**ASSIGNMENT:**
Within the entries below, find the portion that opens with the line containing "Cocktail in a" and closes with the line containing "Murawa na stadionie.". Retype that portion exactly and only.

**WORKING DATA:**
((

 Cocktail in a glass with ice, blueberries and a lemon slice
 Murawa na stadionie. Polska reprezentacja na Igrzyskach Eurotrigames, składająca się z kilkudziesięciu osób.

))
((

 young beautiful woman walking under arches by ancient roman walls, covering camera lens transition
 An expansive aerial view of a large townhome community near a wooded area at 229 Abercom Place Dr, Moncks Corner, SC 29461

))

**WRITTEN ANSWER:**
 Cocktail in a glass with ice, blueberries and a lemon slice
 Murawa na stadionie. Polska reprezentacja na Igrzyskach Eurotrigames, składająca się z kilkudziesięciu osób.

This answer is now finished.